**** Records for this exercise

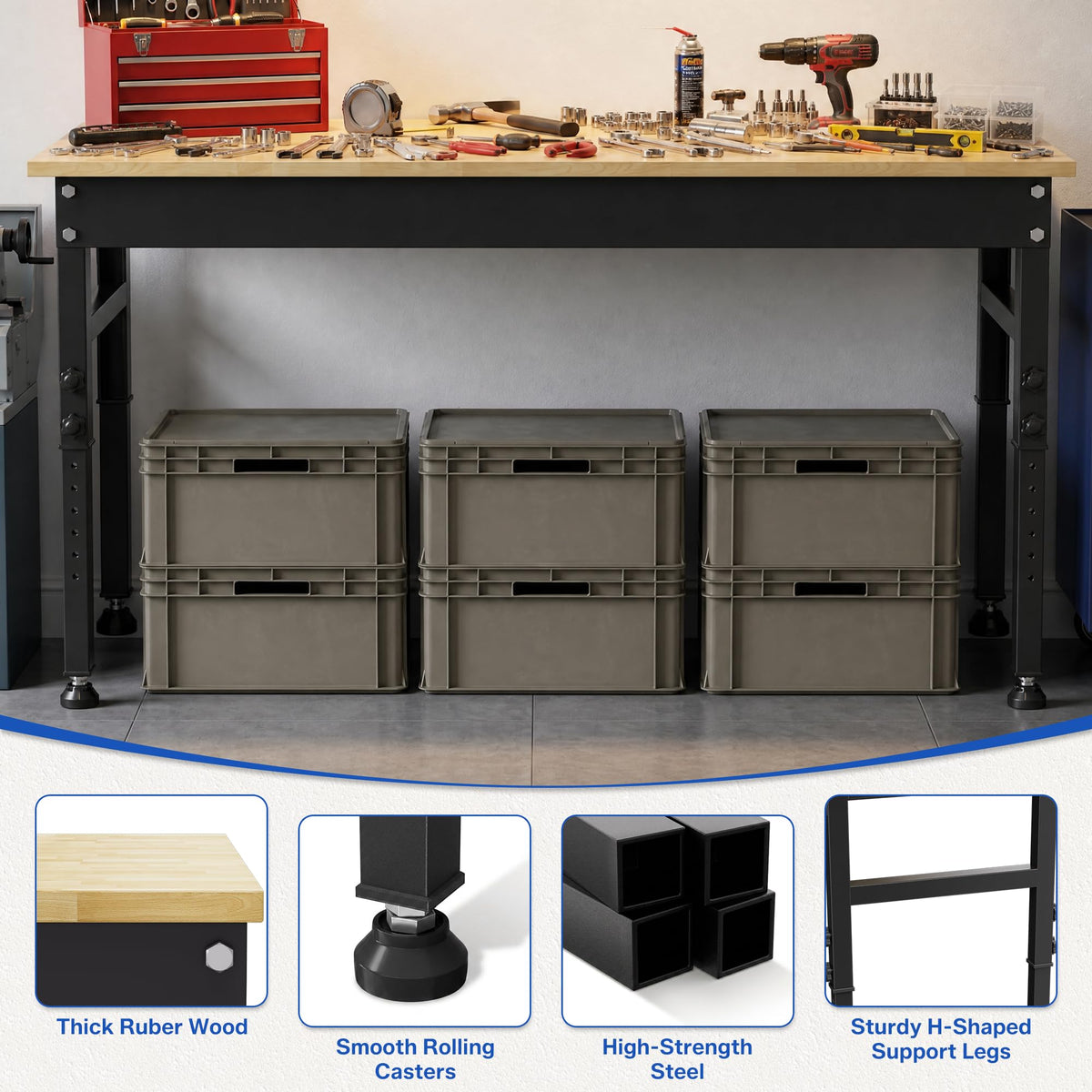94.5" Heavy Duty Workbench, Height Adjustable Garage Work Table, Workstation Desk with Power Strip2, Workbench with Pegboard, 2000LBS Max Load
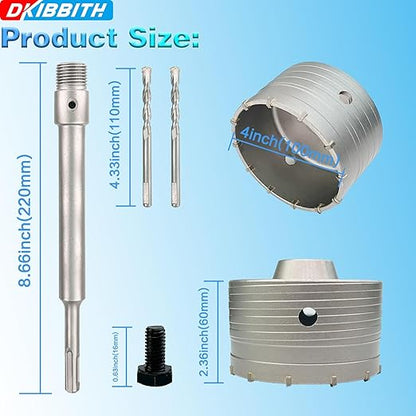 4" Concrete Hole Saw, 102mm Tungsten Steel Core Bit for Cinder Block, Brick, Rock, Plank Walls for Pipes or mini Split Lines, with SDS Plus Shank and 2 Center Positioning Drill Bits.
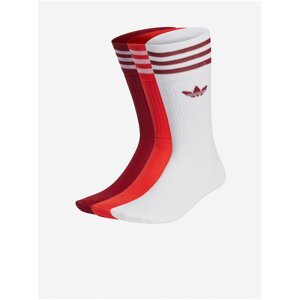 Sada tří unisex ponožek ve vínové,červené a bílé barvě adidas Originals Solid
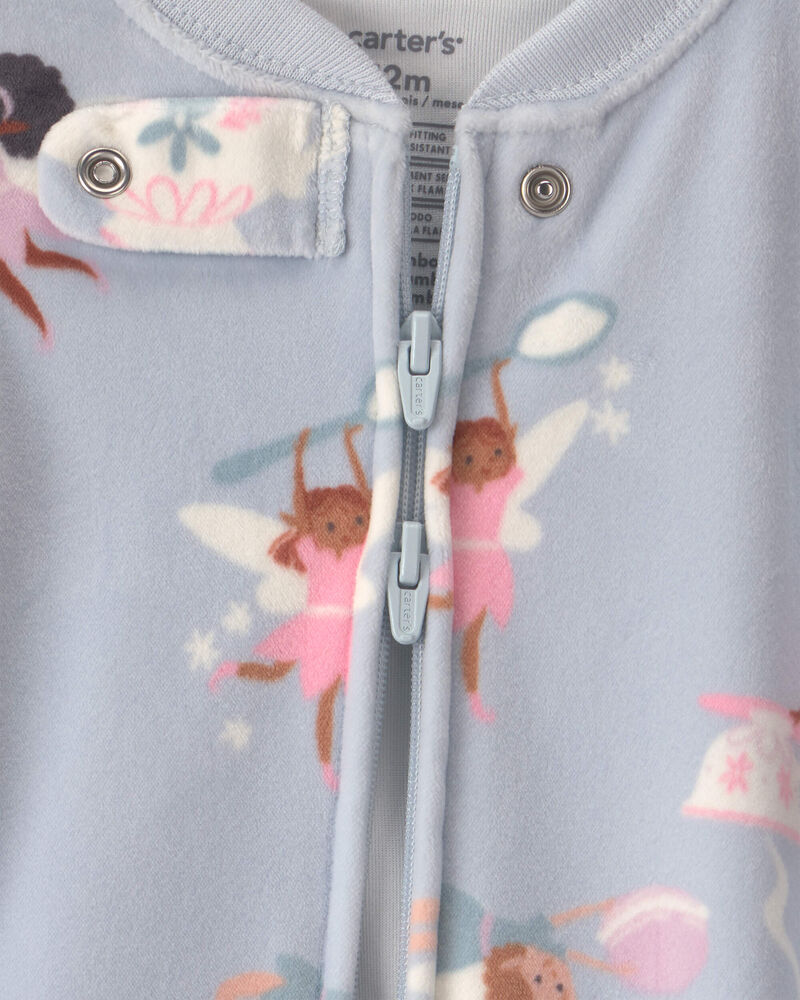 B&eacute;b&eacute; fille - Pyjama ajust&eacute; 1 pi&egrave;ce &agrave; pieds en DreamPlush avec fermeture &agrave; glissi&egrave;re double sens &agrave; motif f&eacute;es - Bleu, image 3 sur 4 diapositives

********
**** Records for this exercise

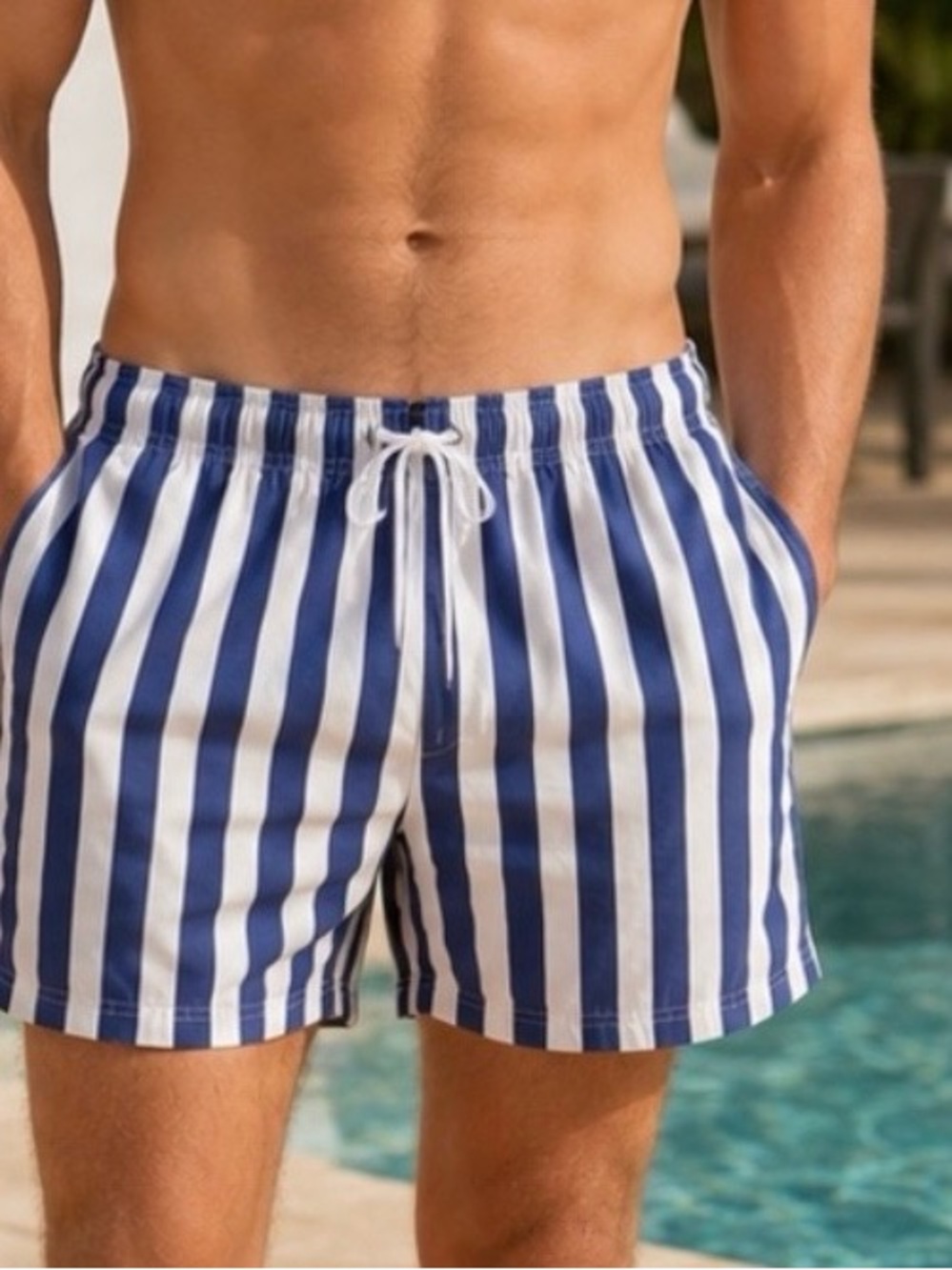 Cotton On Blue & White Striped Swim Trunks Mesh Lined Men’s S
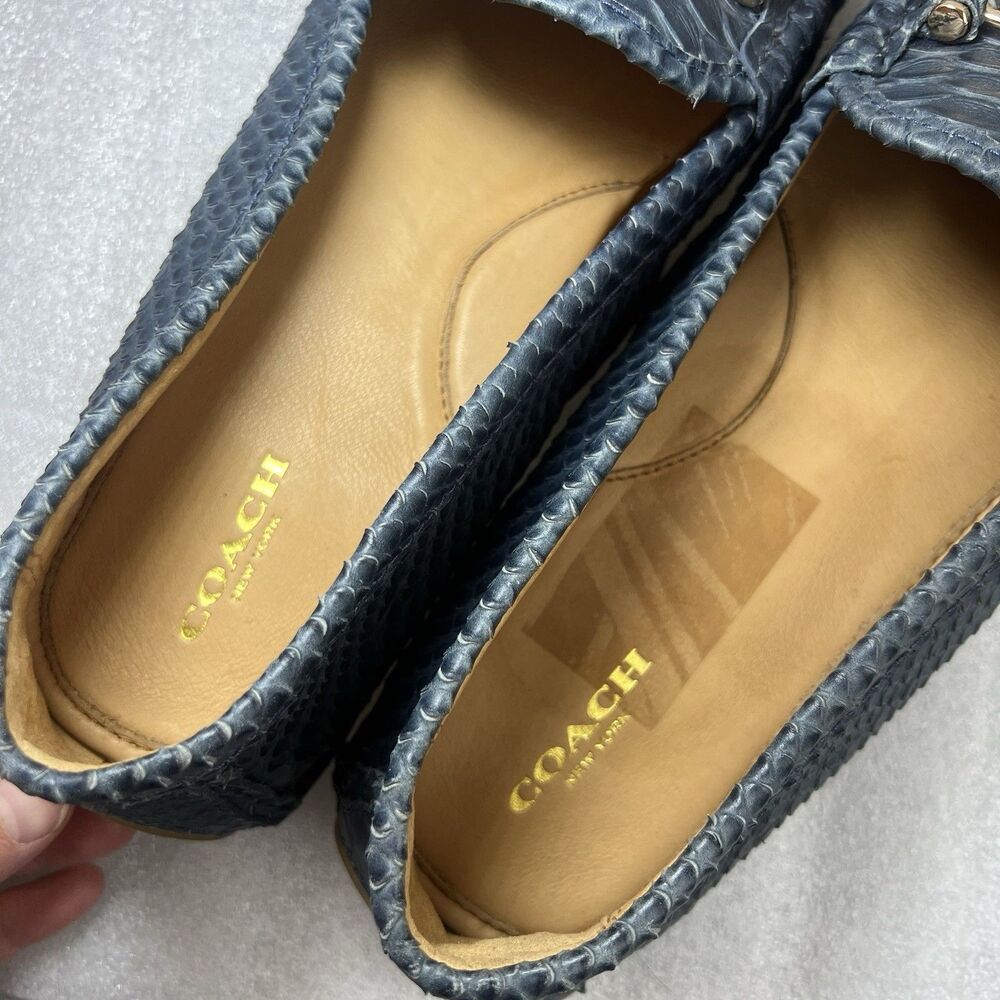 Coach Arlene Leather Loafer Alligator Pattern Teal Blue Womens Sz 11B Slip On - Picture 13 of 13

********
**** Records for this exercise

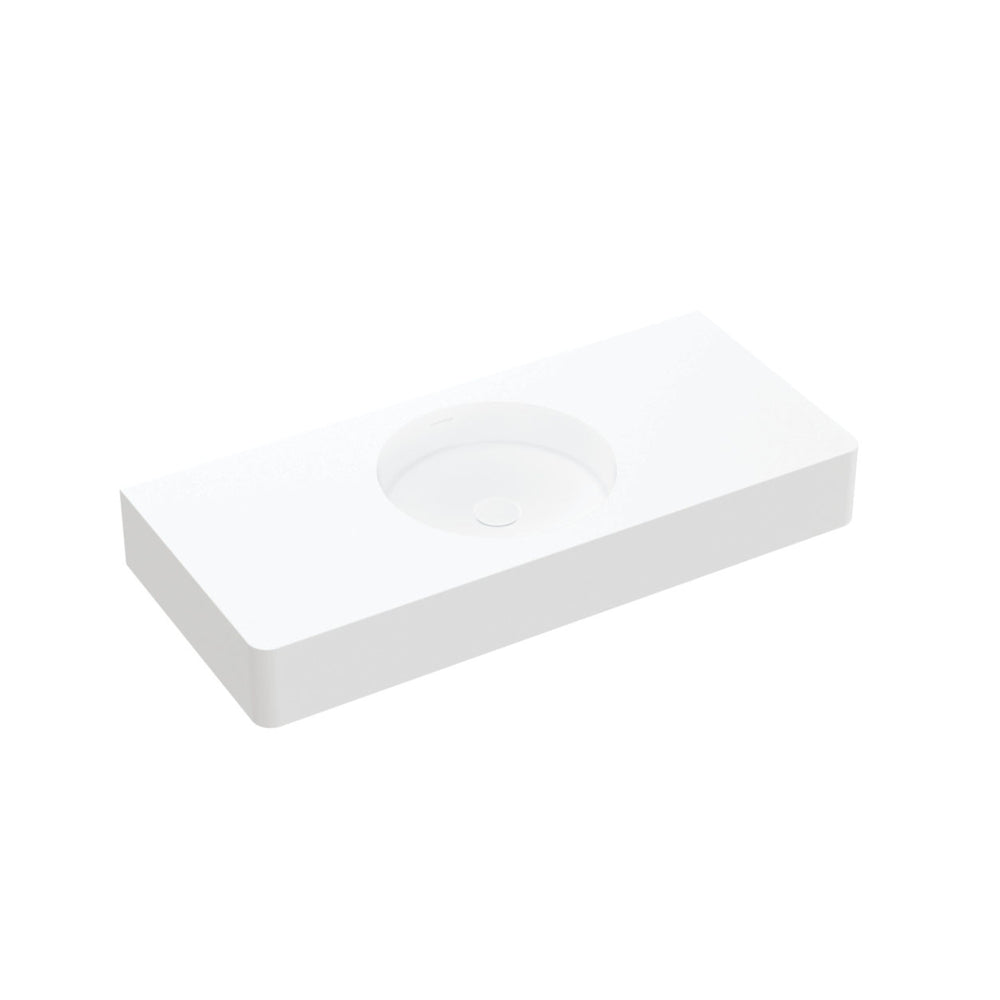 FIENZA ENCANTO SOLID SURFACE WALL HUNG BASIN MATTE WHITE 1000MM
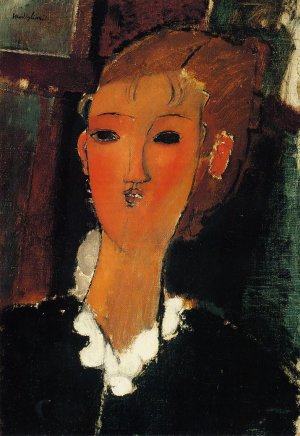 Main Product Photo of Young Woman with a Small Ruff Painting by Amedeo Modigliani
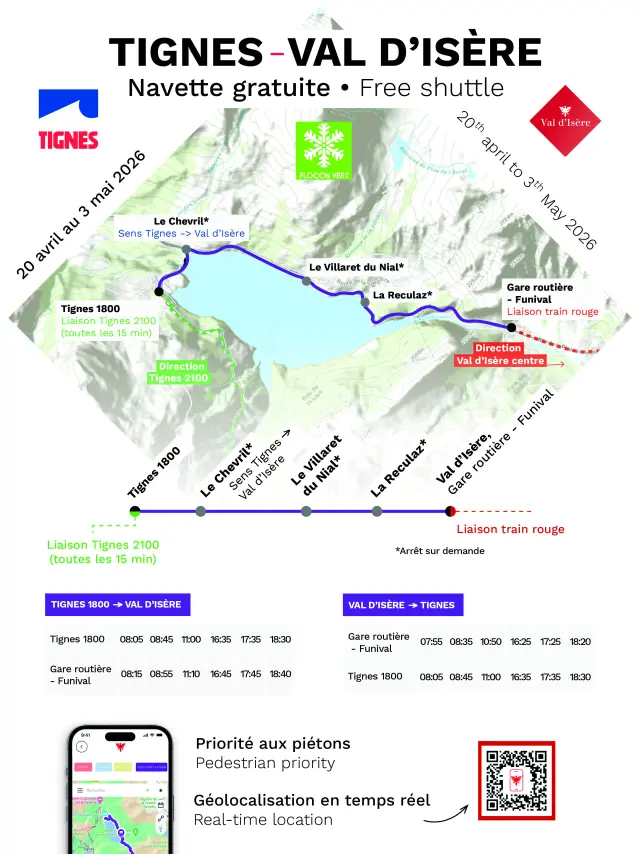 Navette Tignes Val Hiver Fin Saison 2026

********

### What is being asked
Leave out every picture, and copy exactly the lines above starting at the one holding "Positioning Drill Bits." and ending at the one holding "B&eacute;b&eacute; fille - Pyjama", no more and no less.

### The answer
 4" Concrete Hole Saw, 102mm Tungsten Steel Core Bit for Cinder Block, Brick, Rock, Plank Walls for Pipes or mini Split Lines, with SDS Plus Shank and 2 Center Positioning Drill Bits.
 Sada tří unisex ponožek ve vínové,červené a bílé barvě adidas Originals Solid
 B&eacute;b&eacute; fille - Pyjama ajust&eacute; 1 pi&egrave;ce &agrave; pieds en DreamPlush avec fermeture &agrave; glissi&egrave;re double sens &agrave; motif f&eacute;es - Bleu, image 3 sur 4 diapositives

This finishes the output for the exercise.